Assignment: Beginning with the line containing "Bague Argent Grenat" and ending with the line containing "Chaqueta Softshell Unisex", write out each line of the records below exactly; pictures and lines outside that range are left out.

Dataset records
● ● ● ● ●

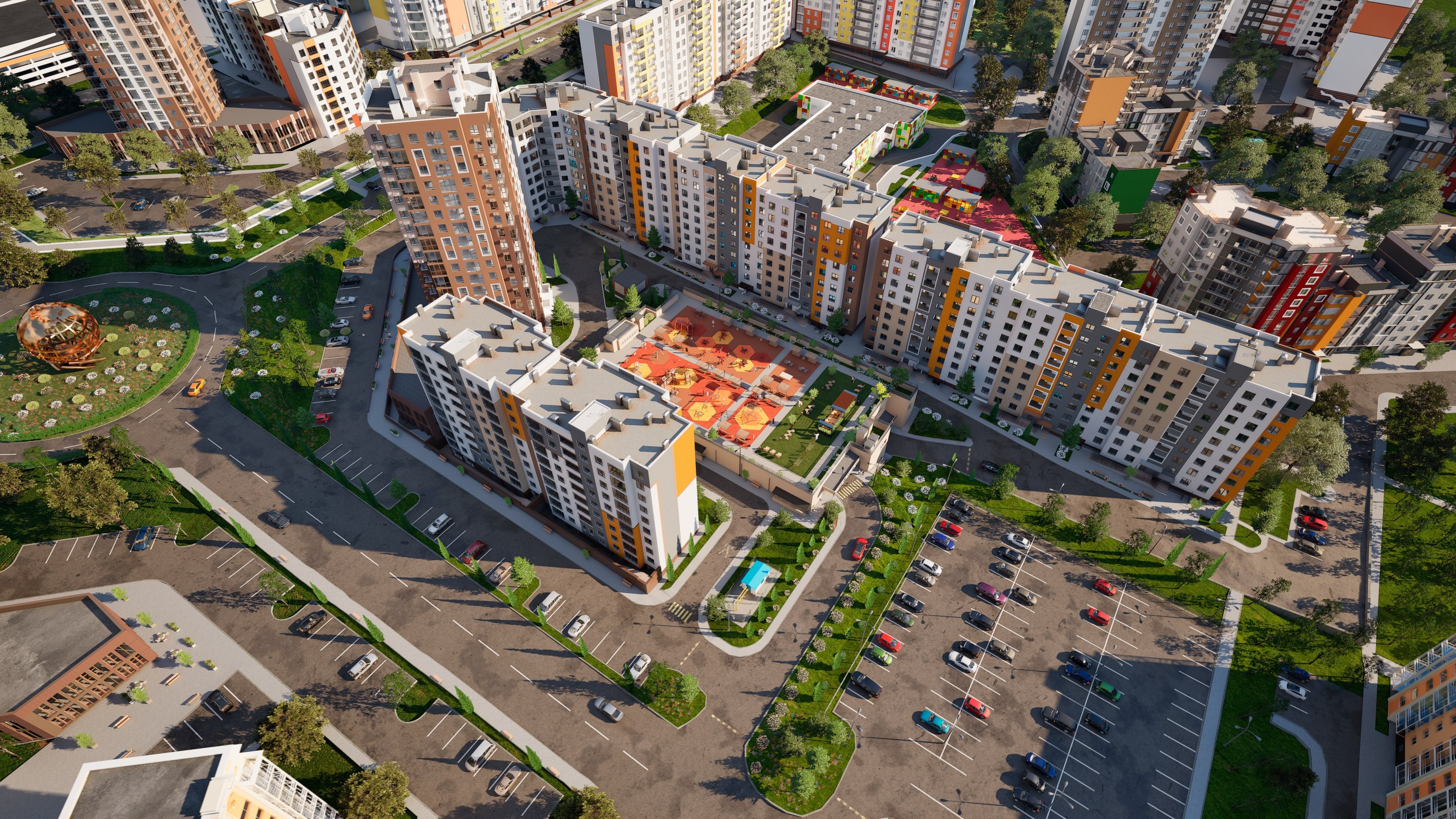 Визуализация микрорайона &amp;laquo;Город Мира&amp;raquo; в Симферополе 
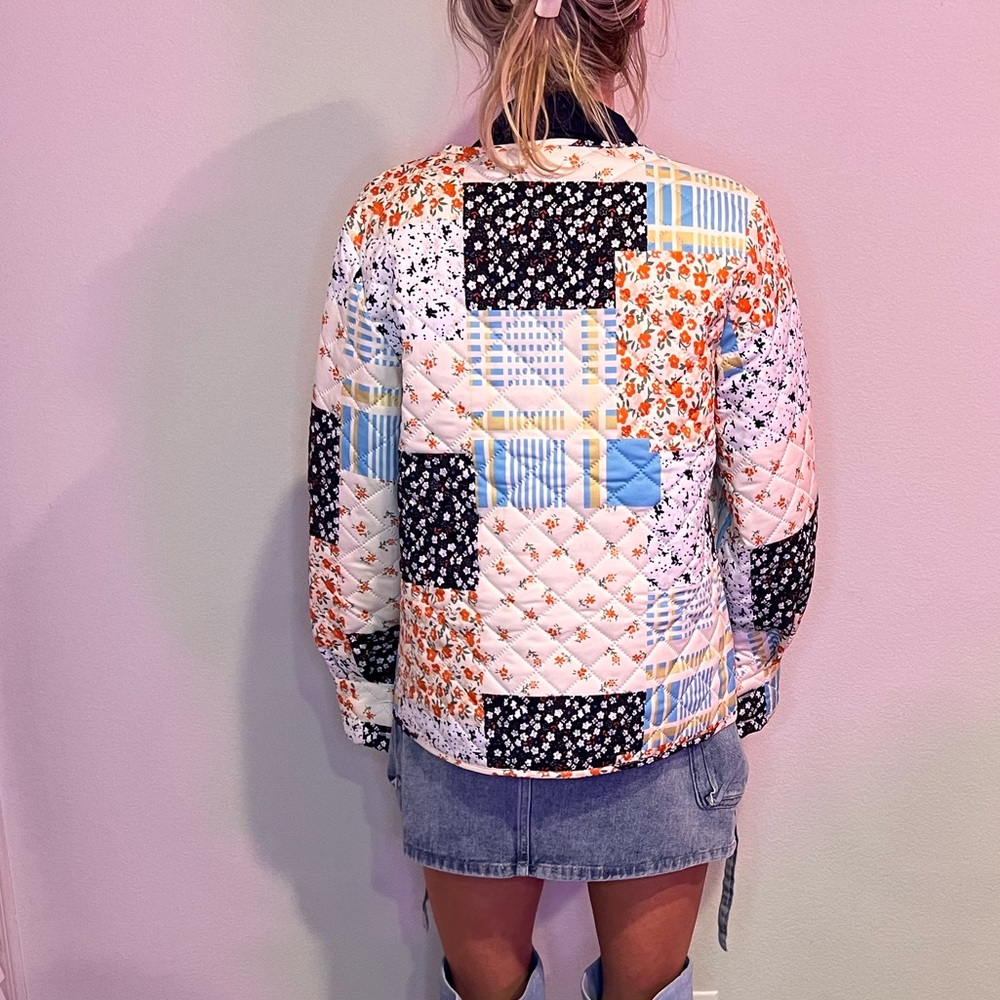 Colorful Patchwork Jacket - image 6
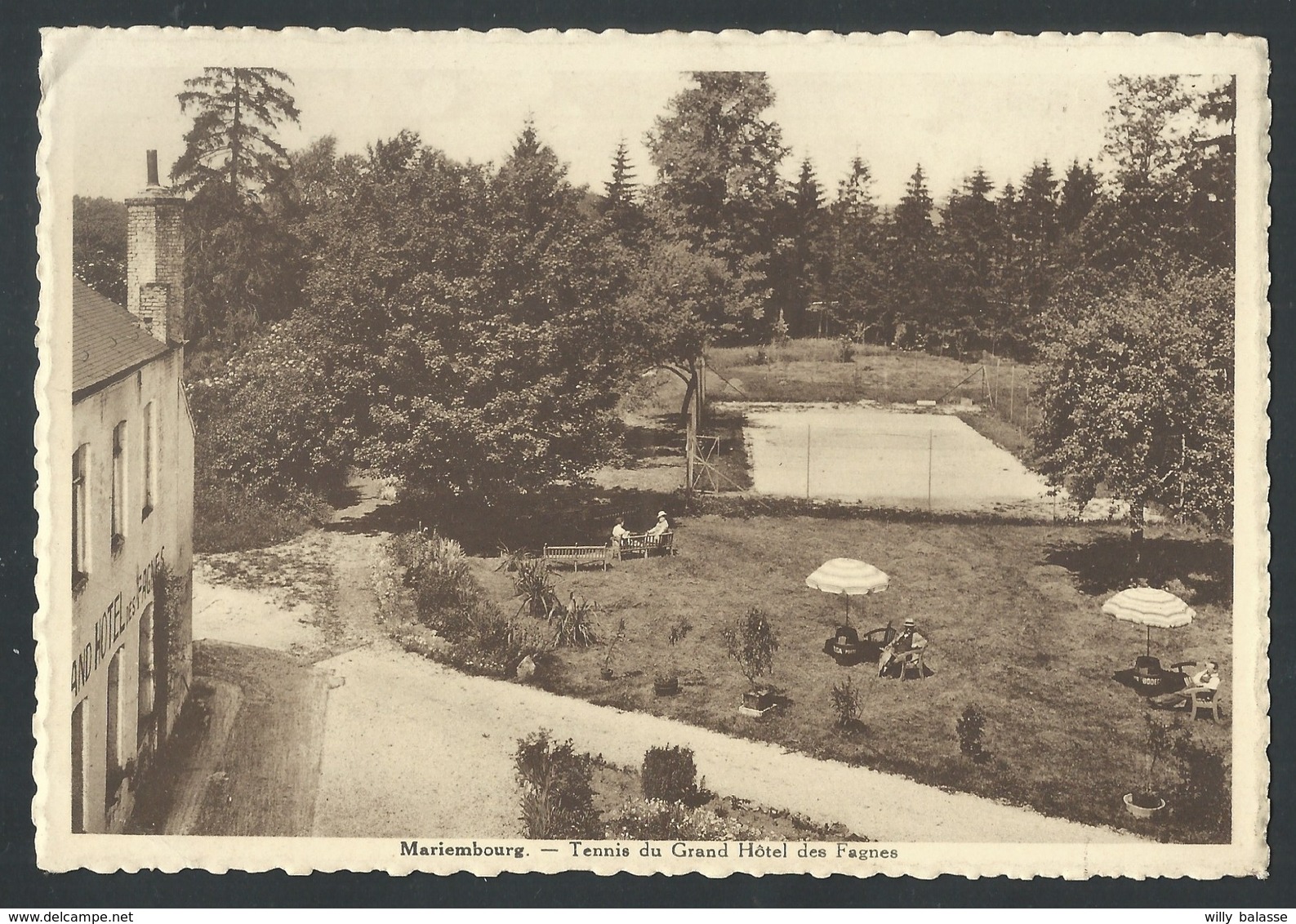 +++ CPA - MARIEMBOURG - Tennis Du Grand Hôtel Des Fagnes - Carte Privée  // - Couvin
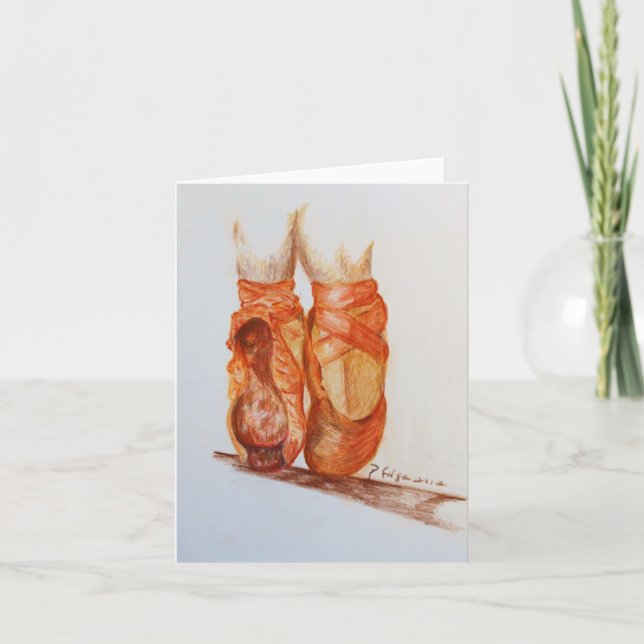 Worn Slippers Card (Front)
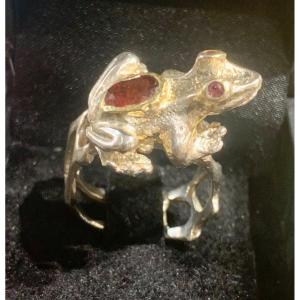 Bague Argent Grenat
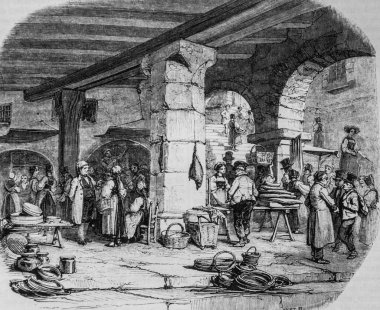 Lucerne March, resim dükkanı, editör Edouard Charton, 1860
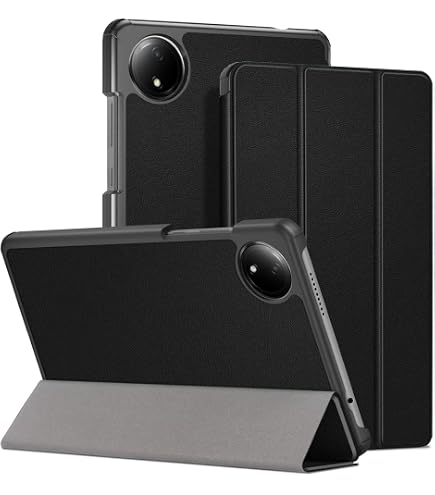 Coque CAUHENYEE Pour Xiaomi Redmi Pad SE 8.7 (2024) - Avec Protecteur D'Écran, Support Vertical - Noir
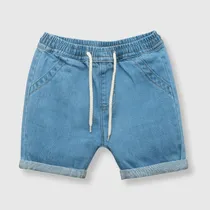 Comprar Bermuda De Bebé Niño Mezclilla Azul Colloky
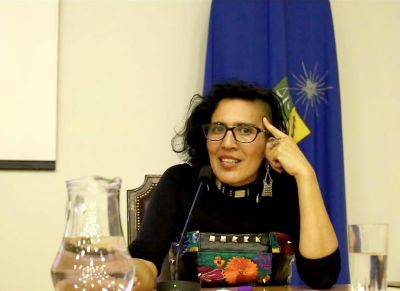 La investigadora y performancera chilena radicada en México, Julia Antivilo.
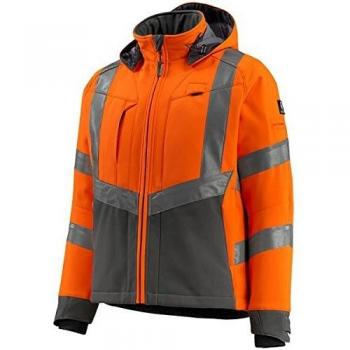 Chaqueta Softshell Unisex de Seguridad Mascot Blackpool, Talla XL, Naranja Hi-Vis/Gris Oscuro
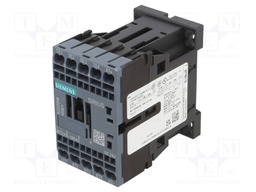 Contactor: 4-pole; NO x4; 24VDC; 9A; DIN,on panel; 3RT23; -25÷60°C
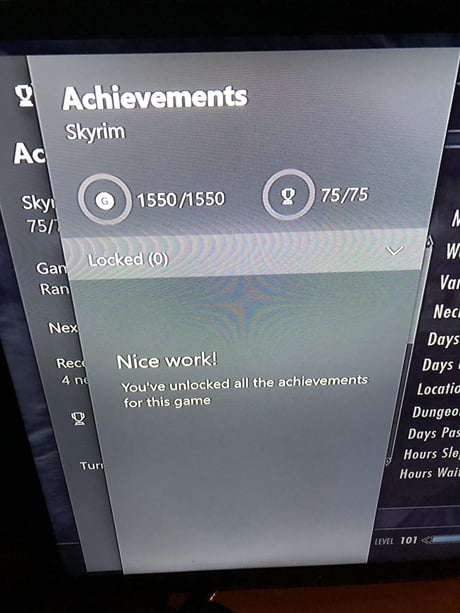 skyrim remastered new achievements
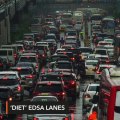 MMDA wants to 'diet' EDSA lanes, proposes slimmer roads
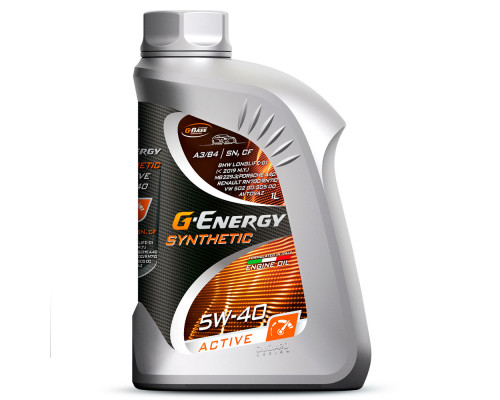 Моторное масло G-Energy Synthetic Active 5W-40 (1л.) (253142409)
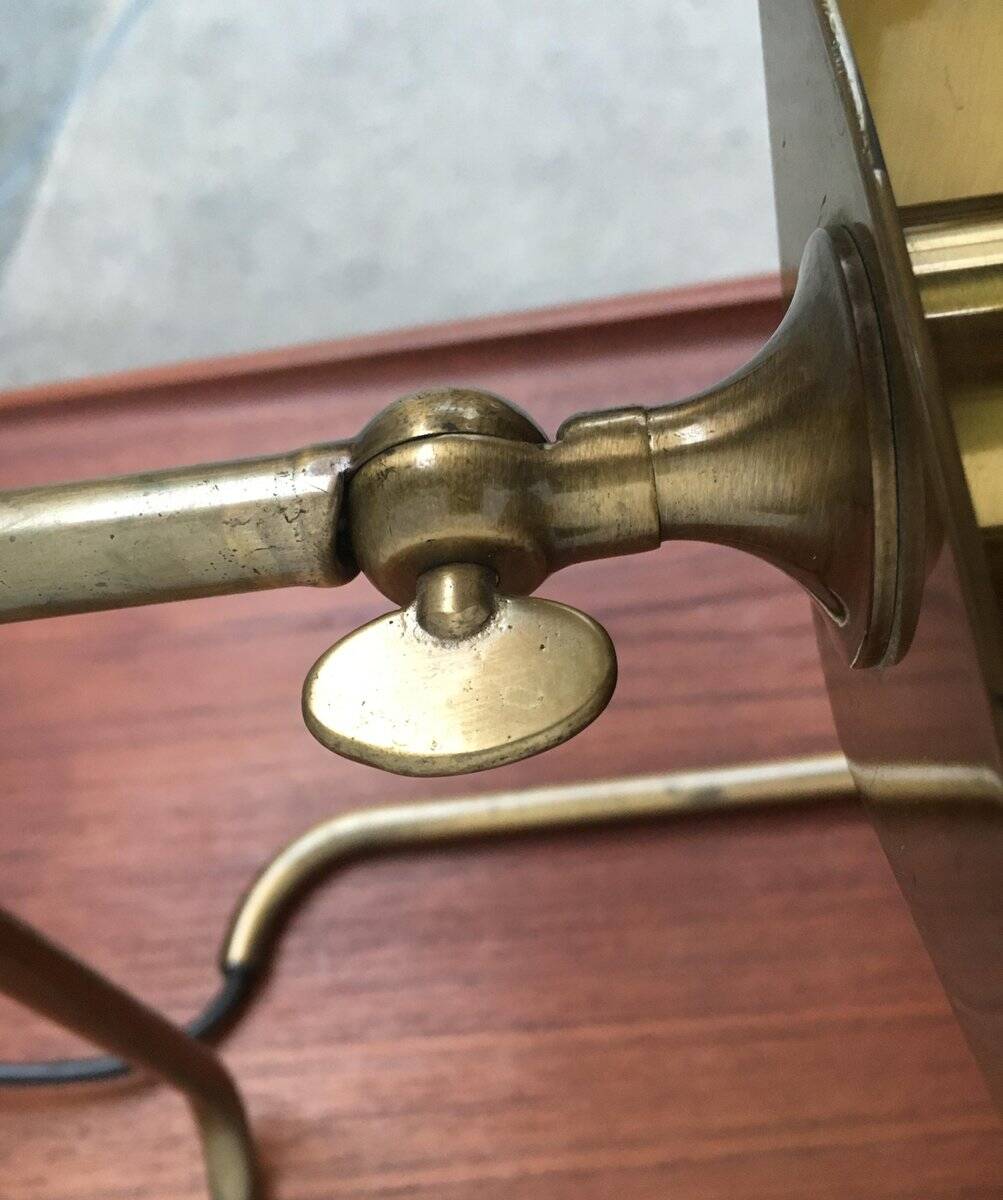 Hollywood Regency table lamp by Florian Schulz, 1970s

● ● ● ● ●

Response to the task:
 Bague Argent Grenat
 Lucerne March, resim dükkanı, editör Edouard Charton, 1860
 Coque CAUHENYEE Pour Xiaomi Redmi Pad SE 8.7 (2024) - Avec Protecteur D'Écran, Support Vertical - Noir
 Comprar Bermuda De Bebé Niño Mezclilla Azul Colloky
 La investigadora y performancera chilena radicada en México, Julia Antivilo.
 Chaqueta Softshell Unisex de Seguridad Mascot Blackpool, Talla XL, Naranja Hi-Vis/Gris Oscuro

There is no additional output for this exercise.